IT'S THE RAGENR
Granted, guns are not funny. Killing people with guns is definitely not funny. Yet, It's the Rage is about guns and killing people and, essentially, it's a very funny movie. Lurking among the laughs, however, is a distinctly sinister-and some might even say subversive-premise: Anyone who owns a handgun is either a criminal or a little crazy, or both.
The first shot heard is off-camera, in the dark of night, in an ordinary suburban household. Helen Harding (Joan Allen) awakes to carefully descend the stairs to her living room, where she finds her husband Warren (Jeff Daniels) holding a gun and standing over a dead man. It was an intruder, Warren says, and he shot him. Helen's in shock. Even more so when she recognizes the corpse. Seems that her husband has killed his business partner.
Neither Helen nor Warren could be called a stable personality, but his psychological supports are far rockier then hers. He's convinced she's been sleeping with his dead partner and about 20 other guys he could name. Up to here with his jealousy, at dinner one night Helen tells her husband what he wants to hear-about an adulterous tryst she had that afternoon, all the details. Allen deadpans this delicious lie in a scene that sets the tone for the entire movie: A character's low-key demeanor doesn't mean there isn't a roiling rage inside-and nearly everyone in It's the Rage is filled with it. A pure, unadulterated rage.
None more so than Mr. Morgan (Gary Sinise), a wildly eccentric computer genius and a billionaire recluse who's locked himself up in a fortress-like room with huge computer screens for walls. Helen winds up working for Morgan after her divorce from Warren-whose lawyer, Tim (Andre Braugher), helps him beat a murder rap and sets up the job for Helen (as Morgan is also Tim's client).

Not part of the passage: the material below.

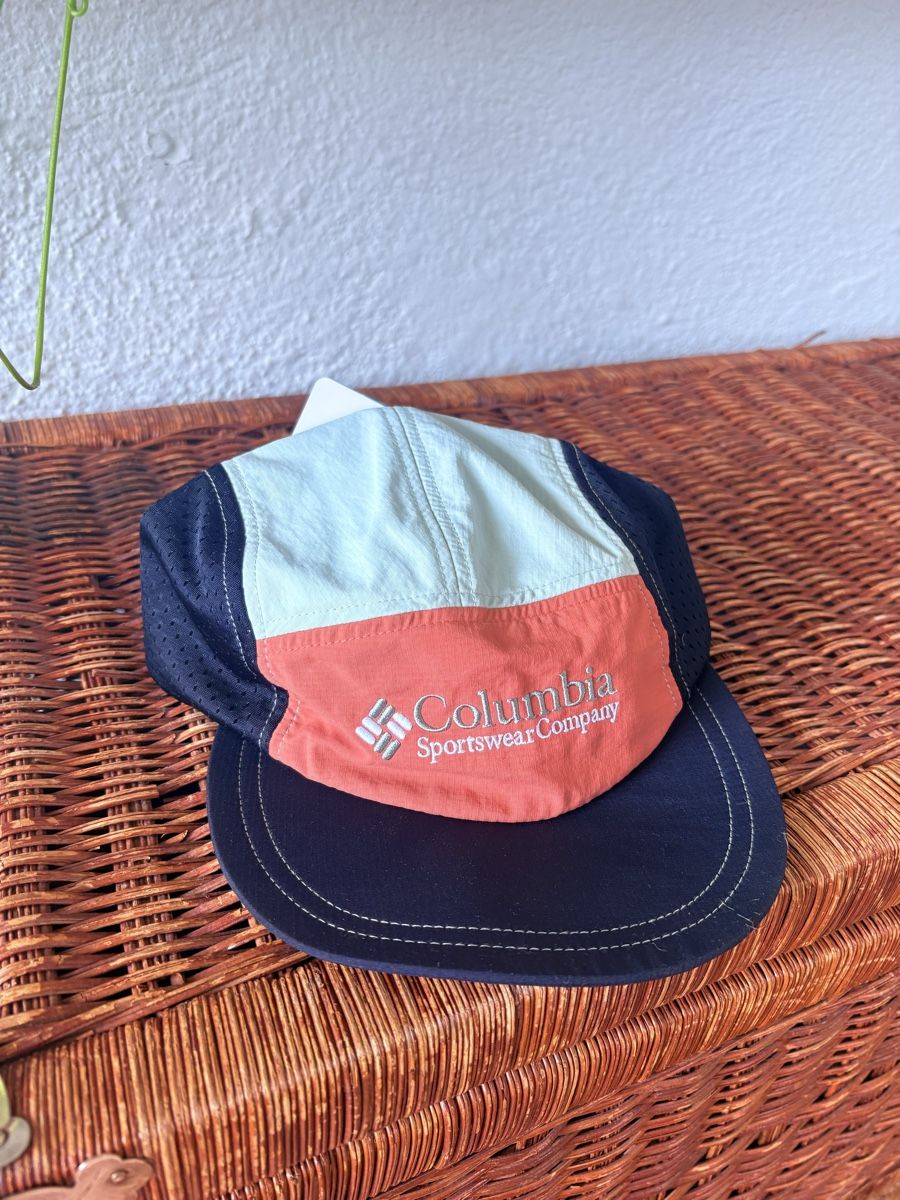 Velos: Casquete vélo Columbia  – Neu und originalverpackt aus Saas-Fee von nfa_dgt8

Meanwhile, Morgan's former assistant, Tennel (Josh Brolin), goes to work at a video store, where he meets and falls in love with a sexy street tramp, Annabel (Anna Paquin), who, while on a shoplifting spree, also catches the eye of the lawyer Tim, despite the fact that he has a male lover at home-the fey, slightly unbalanced Chris (David Schwimmer). Chris is a frequent customer at the video store, which is also visited regularly by Annabel's fiercely protective brother, Sidney (Giovanni Ribisi), who's keeping his eye on the love-struck Tennel. Then there's the world-weary cop, Tyler (Robert Forster) who's keeping his eye on the whole lot of them.
Yes, the lives of all these characters are inexplicably but quite logically intertwined, although some of them never have a chance to get acquainted. And, yes, each is either a perpetrator of gun violence or, conversely, will find him or herself threatened at gunpoint. More often than not, the outcome is fatal. So what could be so amusing about It's the Rage? First and foremost, it's the sheer audacity of the performances: As Warren, Daniels seems as if he can barely contain his craziness, while Sinise's Morgan spits out his neuroses like quills from a cornered porcupine. Schwimmer gleefully follows Chris' fantasies up into the ether, Paquin makes Annabel an irresistible weirdo, and Ribisi is brilliantly frightening as her strung-out brother. (Ribisi has a priceless bit of comic business in a shooting gallery, which becomes all the more hilarious because it stays in the background, very nearly thrown away.)
Keith Reddin's script (based on his play) does provide a moral compass to sort through some of the amoral ambiguities at the heart of It's The Rage. The characters played by Allen and Forster see clearly what's going on, and while she'll move on in life with some hope for humanity, he's not so sure. As a cop, he's encountered lots of crazy people with guns. To him, they're not funny. And, despite the inspired satire-despite the very real laughs mined from the grisly goings-on-at the end of It's the Rage, this is the thought that lingers: Guns are not funny.